Or, as St. Paul wrote to the church in Corinth, Dear fellow-workers,
All Christians are baptized to be fellow-workers with Christ, through the Church.
What does that mean? It means that we are to offer love and forgiveness to all whom we encounter, as best we can. It means that we share with others, as best we can, the good news of God in Christ. It means that we are supposed to thoughtfully manage our lives. And what might it mean to “thoughtfully manage our lives?” We all have varied responsibilities, resources, and opportunities.
(1) Our first duty is to care for ourselves, not out of selfishness, but out of the knowledge that we can’t do much loving if we don’t take care of ourselves. We care for our health: spiritual, mental, and physical. Then we care for others. Sometimes Christians are called to risk (or give) their health or their lives for the sake of others or the Gospel. But that does not come up for most of us.

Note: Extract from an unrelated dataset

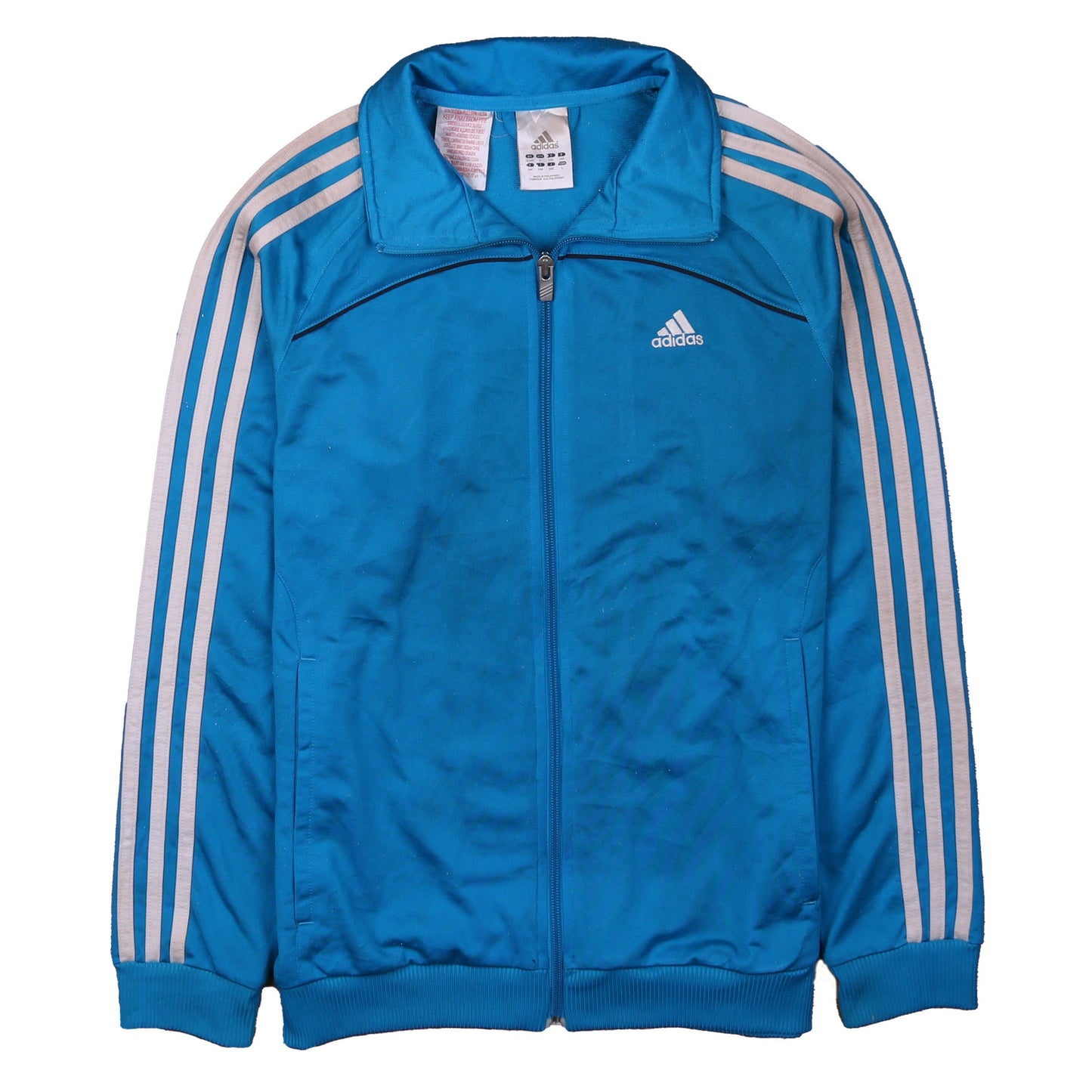 Adidas Boys Blue 13-14 Years Track Jacket Full Zip Sports Top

(2) Then, we are to care for those close to us: family, friends, church, co-workers, etc.
(3) Third, we are to care for anybody and everybody in the world (and the world itself) as we can.
Resources: We all have resources. They start with our physical and mental abilities. They include the strengths of our relationships and influence on others. They include our income and other financial and material resources.

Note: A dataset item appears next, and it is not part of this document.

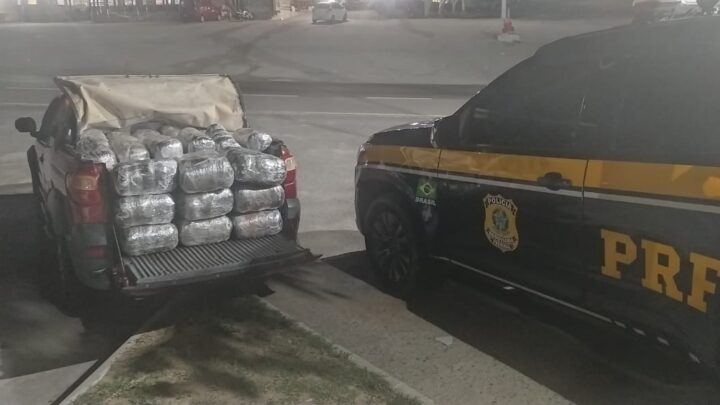 PRF apreende e 162 Kg de maconha na BR 232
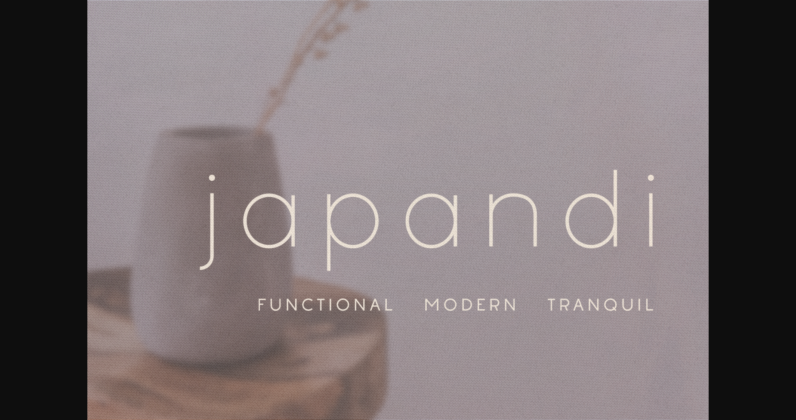 Japandi Font Poster 1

Opportunities: After we care for ourselves and those close to us, and after we meet our responsibilities to our dependents, family, church and civic duties (i.e. taxes) and estate planning, we still have more resources. Those resources include time, talents, influence, property, and money. We get to manage them for the sake of God, for the sake of love for all our neighbors. Our neighbors are anyone and everyone.

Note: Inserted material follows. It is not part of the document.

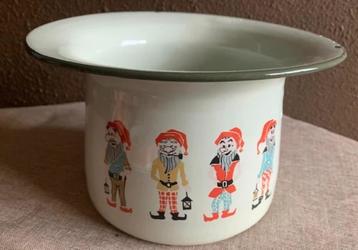 emaille nachtemmer - kaboutertjes - sixties beschikbaar voor biedingen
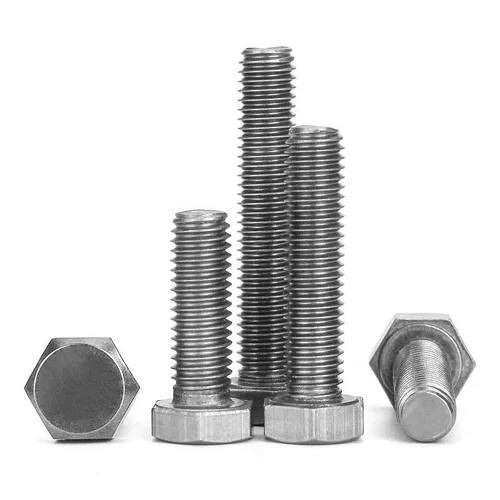 Vista 7 de Tornillos universales M7 Tornillos de cabeza hexagonal de 0.039 pulgadas de paso fino Tornillo de acero inoxidable (M7x25-1.0 / SS)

For me and Pam, St. George’s has a major claim on our time and money, beyond the duties that come with my paycheck. Many who read this are generous with time and money for St. George’s. Many can do better. Most of us also give generously of our time and money for many goods beyond St. George’s. We are good citizens of our hometowns, our state, country, and world. If you are like me, it is challenging to decide how I spend my time, money, energy, and influence. I can only do a fraction of what I wish I could do, for myself, my family, my church, and my neighbors. So I make my choices, and trust God for the rest. And God is good. All the time.